Last Updated: 12/07/13 9:48am
Adam Scott has thrived since missing this putt on the final green at Lytham in 2012
Adam Scott says he gained self-belief from last year's Open performance despite blowing victory after a late collapse.
Scott threw away a four-stroke lead with four holes remaining of the 2012 championship at Royal Lytham and St Annes to lose by one to eventual winner Ernie Els.
It had his critics queuing up to point out that was exactly why he was one of the best players of his generation never to win a major.
A month later at the US PGA Championship, entering the final round in the penultimate group four shots behind leader Rory McIlroy, the 32-year-old shot a one-over-par 73 to drop back into a share of 11th.
But while the doubts may have persisted outside of Scott's inner circle, there were none from the player himself and in April he won a play-off against Angel Cabrera at Augusta to become the first Australian to wear the Masters Green Jacket.
"The self-belief it gave me, which sounds a bit odd seeing as I didn't win, far outweighed the disappointment of it."
Adam Scott on 2012 Open
"There was no time to sit and feel sorry for myself that I didn't win The Open," said Scott.
"It was nice for me to see the way I handled it: my natural response to it of course there was disappointment but I could see the big picture.
"The self-belief it gave me, which sounds a bit odd seeing as I didn't win, far outweighed the disappointment of it.

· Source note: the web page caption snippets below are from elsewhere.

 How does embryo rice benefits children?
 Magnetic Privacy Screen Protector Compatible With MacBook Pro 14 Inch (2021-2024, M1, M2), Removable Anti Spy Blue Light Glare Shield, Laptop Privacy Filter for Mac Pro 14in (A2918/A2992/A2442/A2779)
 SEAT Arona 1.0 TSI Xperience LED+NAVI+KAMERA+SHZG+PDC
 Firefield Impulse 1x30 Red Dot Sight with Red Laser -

"It was like 'Finally I've played really well and essentially controlled that tournament for the whole week'.
"It was all in my hands to win or lose and I lost but I really think it was just the last couple of pieces in the puzzle that I learned at Lytham to get me over the line, ultimately at Augusta."
In those last 12 months Scott has progressed not only as a golfer but as a person.

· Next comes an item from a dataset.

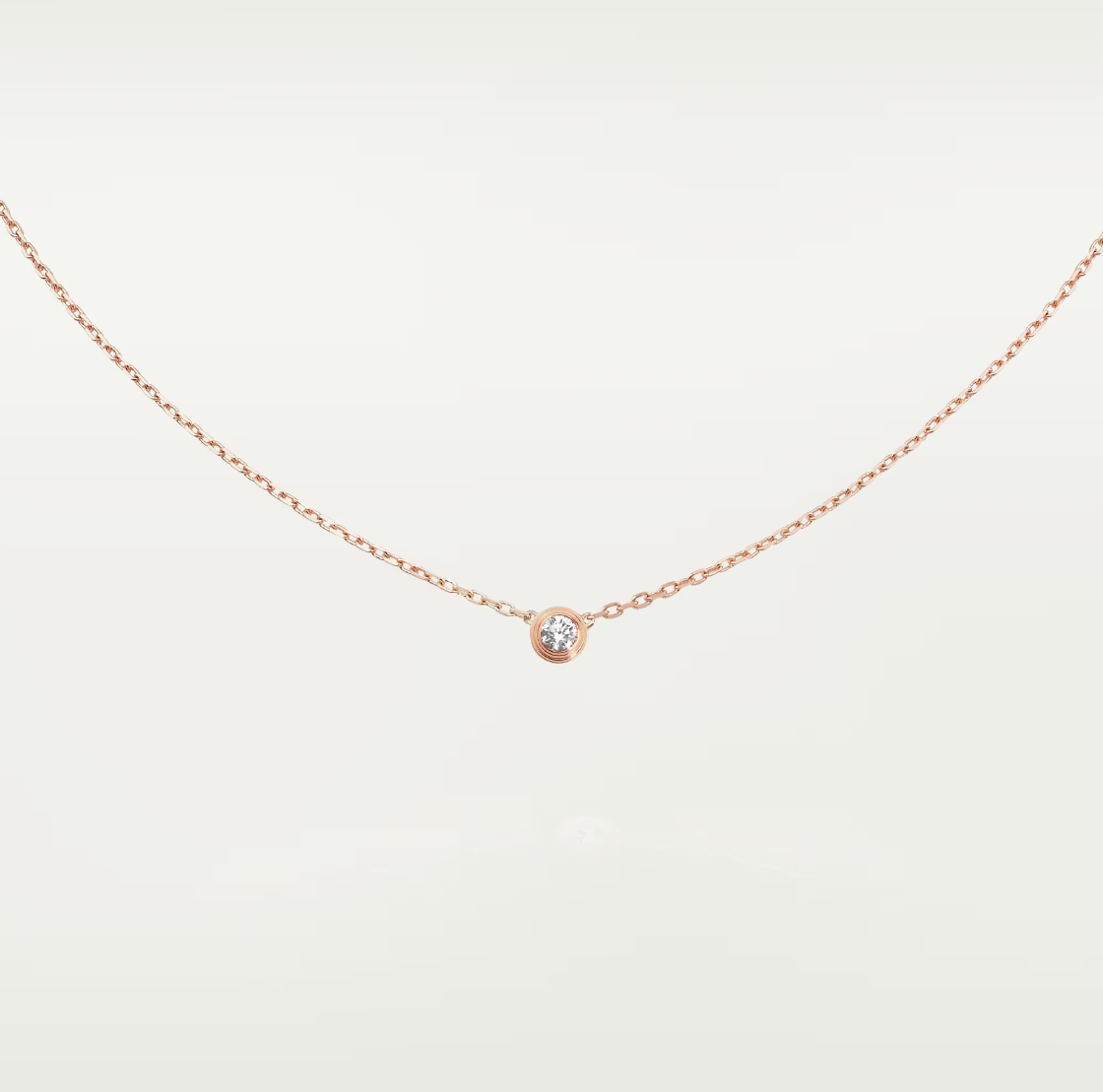 [⭐DORISW] DAMOUR ダイヤモンドネックレス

Adam Scott: Became the first Australian to win The Masters
The self-doubt was banished and he began to believe in himself more, not allowing similar hiccups to get in the way of his ultimate target of a major triumph.
"I just didn't play smart enough or well enough for that matter," he said of his previous major attempts prior to Lytham.

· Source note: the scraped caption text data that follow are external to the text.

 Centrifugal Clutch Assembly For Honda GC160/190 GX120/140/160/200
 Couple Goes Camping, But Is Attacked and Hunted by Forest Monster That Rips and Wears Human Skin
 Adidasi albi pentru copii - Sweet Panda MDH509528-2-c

"My confidence was too easily affected by a poor shot or a poor hole and was a bit too fragile probably.
"Part of the preparation and the way you get ready protects you from being fragile so I feel like I'm doing all of these things better.
"A couple of little things learned at Lytham I was able to use physically on the course and it paid off at Augusta.
"You've just got to put those pieces of the puzzle together and then keep going and believe that it's going to happen.
"I think overall the biggest difference for me is the last couple of years I've had a real belief in my ability that I can win big tournaments.
"Golf is a very fine line. The difference between winning and not for the last couple years for me has been balancing on a knife's edge, really.
"I felt last year like I could have won three of the majors with pivotal moments going my way or not, and I didn't win any of them. Then you do at Augusta.
"I hope I contend in a lot more majors and I'm hopeful to win some more."
Prior to last summer Scott had recorded just one top-10 Open finish in 12 attempts, missing the cut four times.
But since the 2001 US PGA Championship he has finished outside the top 15 just once in seven attempts and that was at last month's brutal US Open at Merion.
His last visit to Muirfield in 2002 saw him fail to make the weekend after a second-round 68 could not rectify the damage of an opening 77.
Scott will return later this month believing he can win the Claret Jug with a confidence born on the Lytham links.